_Your objective_
The answer is to be the data that follows, transcribed exactly, minus its pictures.

_Dataset content_
================================
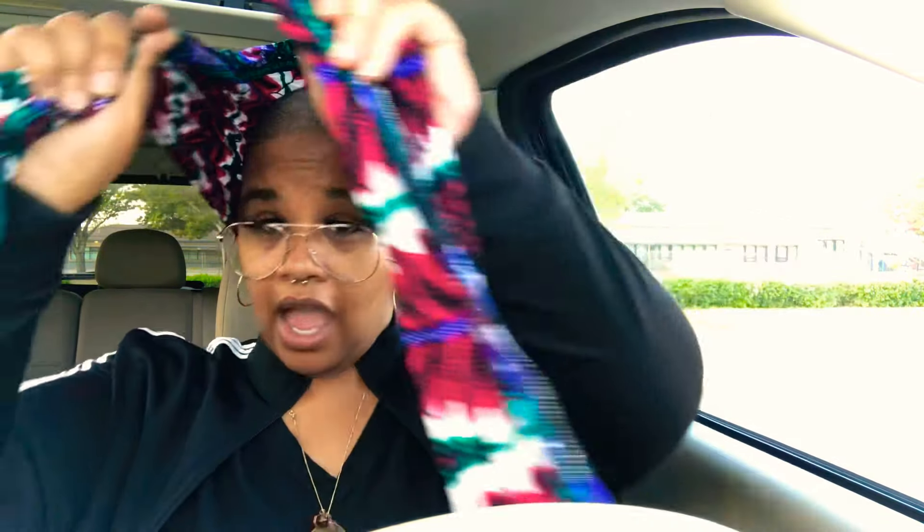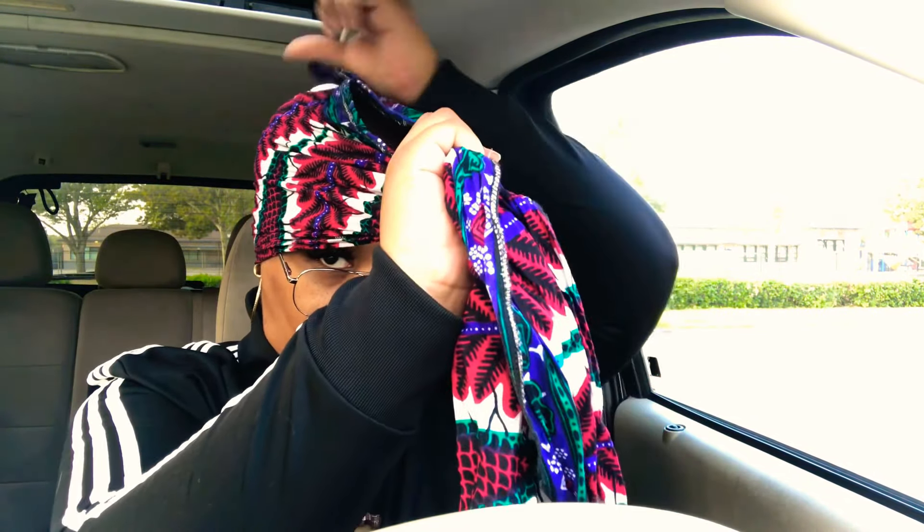I've got a hook head so that might be another reason why it grabs really well. Anyway, you wrap it around your head and you want one side shorter than the other, because you want the long side to be the part that you wrap and make your knot with. I like my ears kept in — some people don't. I prefer my ears in so my earrings can hang. It's really just a matter of comfortability on whether you want your ears in or not.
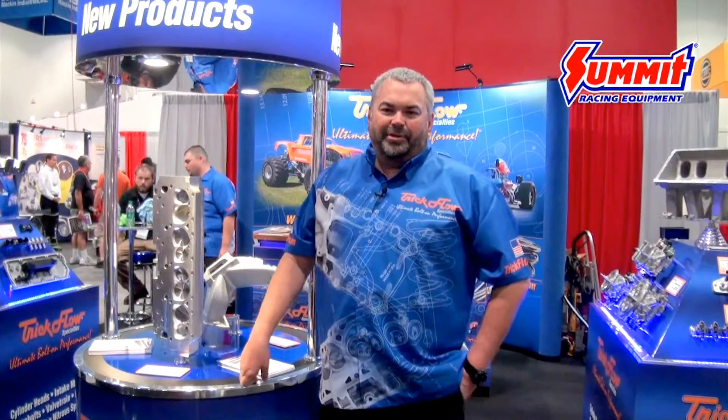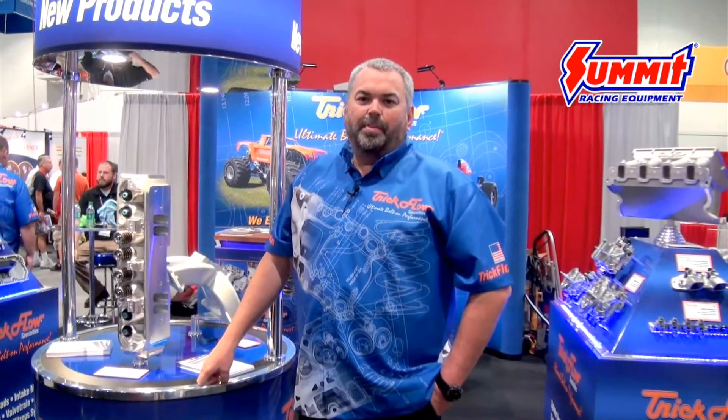Hi, Mike Downs from Trickflow here at SEMA 2014. I'd like to introduce you to our newest product, the Powerport 240 for the Big Block Mopar. What we've done is taken great cylinder head engineering from Trickflow and made a 240cc runner, 78cc chamber Big Block Mopar cylinder head for all you Mopar enthusiasts.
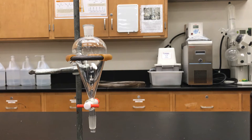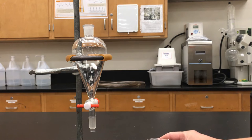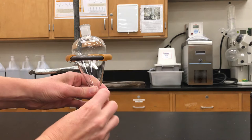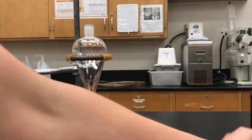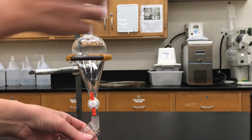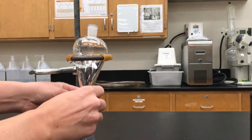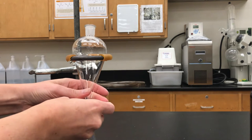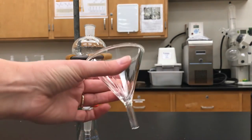Now I'm ready to add my liquid. At this point it's good to check your separatory funnel again and make sure the stopcock is in the horizontal position, because if it's accidentally vertical the liquid is just going to drain out. One way to prevent that is to always put an Erlenmeyer flask or beaker underneath it — that way if you forget to check, you can catch the liquid and your whole experiment isn't ruined.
================================
_Result of the exercise_
I've got a hook head so that might be another reason why it grabs really well. Anyway, you wrap it around your head and you want one side shorter than the other, because you want the long side to be the part that you wrap and make your knot with. I like my ears kept in — some people don't. I prefer my ears in so my earrings can hang. It's really just a matter of comfortability on whether you want your ears in or not.
Hi, Mike Downs from Trickflow here at SEMA 2014. I'd like to introduce you to our newest product, the Powerport 240 for the Big Block Mopar. What we've done is taken great cylinder head engineering from Trickflow and made a 240cc runner, 78cc chamber Big Block Mopar cylinder head for all you Mopar enthusiasts.
Now I'm ready to add my liquid. At this point it's good to check your separatory funnel again and make sure the stopcock is in the horizontal position, because if it's accidentally vertical the liquid is just going to drain out. One way to prevent that is to always put an Erlenmeyer flask or beaker underneath it — that way if you forget to check, you can catch the liquid and your whole experiment isn't ruined.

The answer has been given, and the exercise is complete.